Pasta Blasters: Any Gun Can Play AKA Vado... l'ammazzo e torno

Cynical and stylish, bloody and baroque - these are the pasta blasters, the spaghetti westerns. Those movies that for a period from the mid Sixties to the early Seventies revitalised the western genre.


Any Gun Can Play (1967) may not be one of the best remembered movies in the sub-genre, but it is a pretty good entry nonetheless.


 The movie opens with a truly excellent genre in-joke in which three men ride into town - these are dressed and cast to look like the iconic Euro-Western characters played by Clint Eastwood, Lee Van Cleef and Franco Nero.

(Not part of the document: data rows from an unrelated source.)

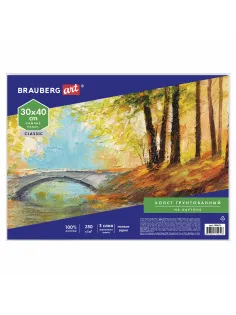 Холст на картоне BRAUBERG ART CLASSIC, 30х40 см, грунтованный, 100% хлопок, мелкое зерно, 190621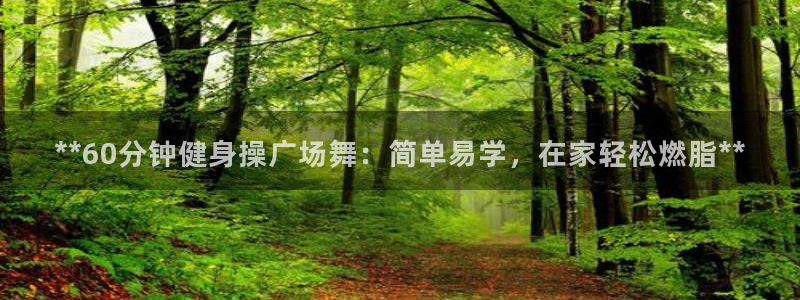 龙8国际手机游戏官网版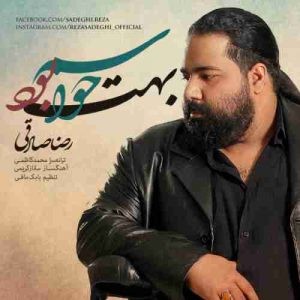 آهنگ رضا صادقی بنام حواسم بهت بود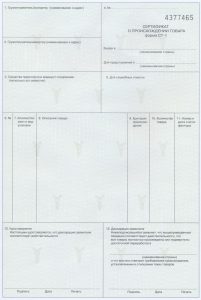 сертификат происхождения товара СТ 1 Россия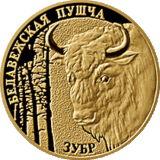 Belarus. 2006. 50 Rubles. Series: Reserves of Belarus. Belovezhskaya Pushcha. Bison. 0.900 Gold. 0.2315 Oz., AGW 8.00 g., PROOF. Mintage: 3,000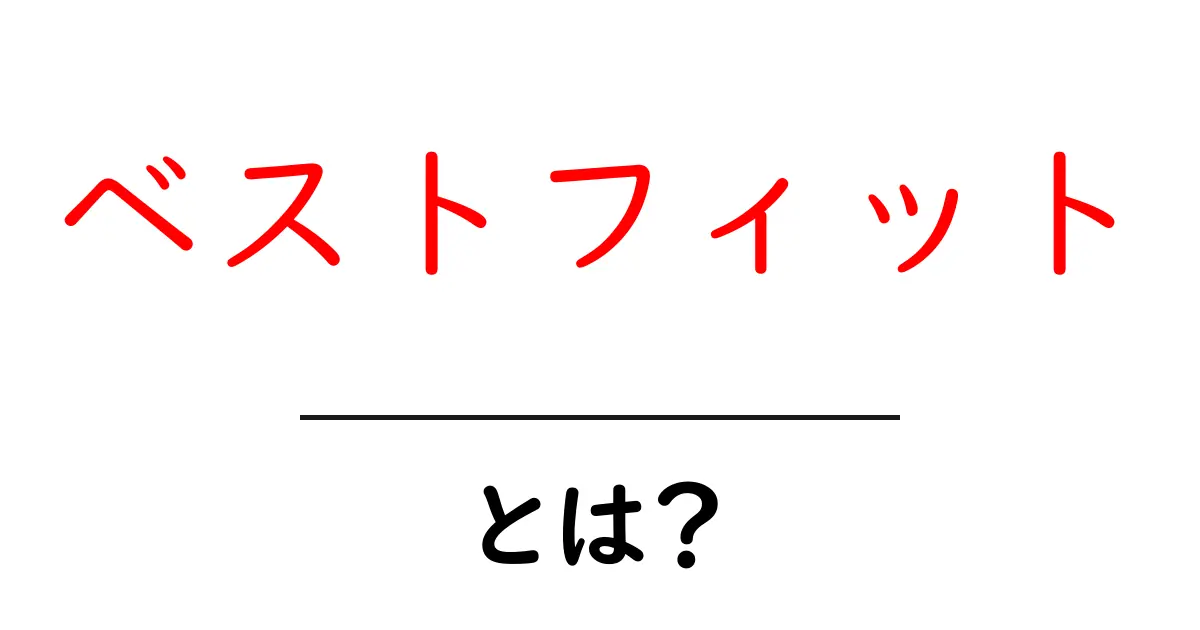 ベストフィットとは?初心者向けに解説する意味と使い方ガイド共起語・同意語・対義語も併せて解説!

The opening scene pays homage to the style developed from the Leone school of thought and it is not only the look of the three characters that remind us of earlier movies. However the film immediately pulls the rug out from under our feet by having the three men shot down by the real hero of the film - The Stranger played by George Hilton.

The plot involved our bounty hunter witnessing a train robbery while looking for bandit, Montero played by Gilbert Roland who manages in some shots to resemble a mid-period John Wayne. Of course the bandit was involved in the robbery and now seems a much more attractive proposition given that the bounty on his head has risen dramatically.

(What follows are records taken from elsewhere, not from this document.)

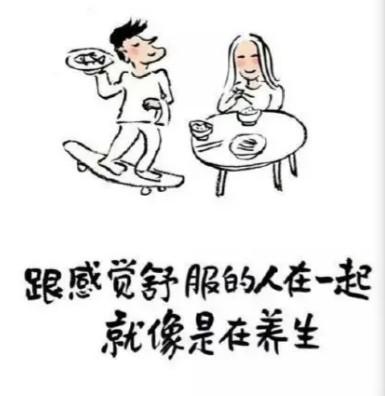 出力不讨好，说闲话必招是非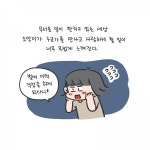[웹툰] 나는 운이 좋아 괜찮은 사람을 만났지만 소망이는 어떨까?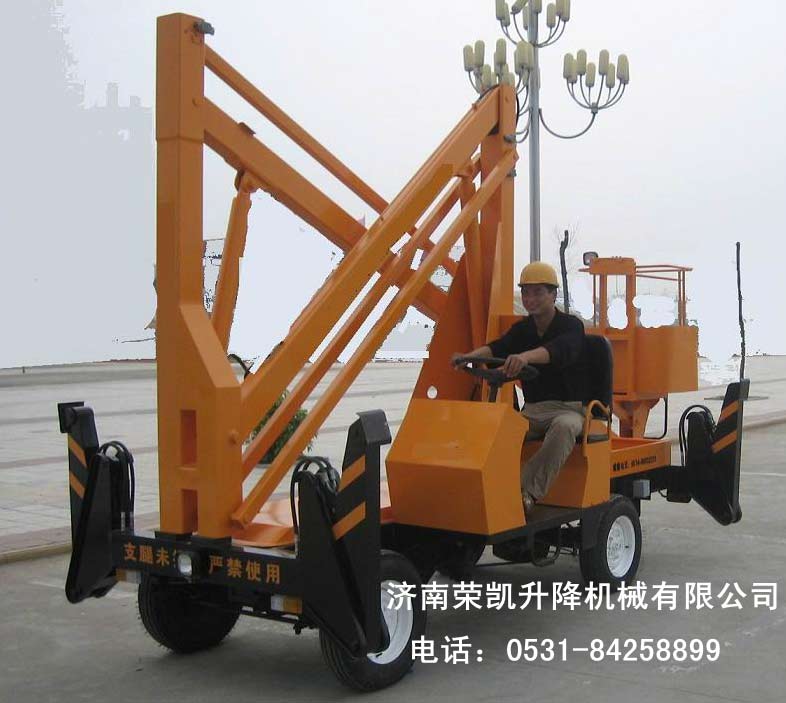 曲臂升降機(jī) 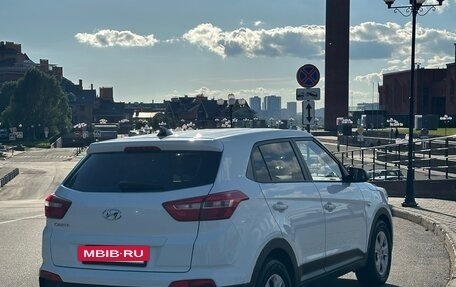Hyundai Creta I рестайлинг, 2020 год, 1 750 000 рублей, 5 фотография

The film aims for laughs as much as thrills and although it is not a comedy western in the sense of the Trinity movies, it is very much a comedic oater ,though a disjointed one at that. The first quarter of the movie is quite violent and fast paced and the robbery of the train carrying the gold is excellently staged. It is only later that the film becomes uproariously funny - the fistfight between the stranger and Clayton (Edd Byrnes)  has to be seen to be believed. From this point in the film becomes ever more outlandish, the fight scenes ever more audacious. The scene in which Clayton escapes several gunmen in a small town would not look out of place in a James Bond movie.



The movie, like most others in its genre, has an effective score -  this was only the fourth film score from the great Francesco De Masi (1930-2005) and is very much influenced by the styles set out by the legendary Ennio Morricone which is no surprise since Morricone layed down the blueprint for pasta western scores with his work for Sergio Leone. There are lots of guitar strums and whistling in the score.

The current DVD release from Pegasus and its Cowboy Classic Collection is adequate but nothing more. There are no special features and although the picture, when upscaled to 180p is pretty good the audio could do with a complete remaster.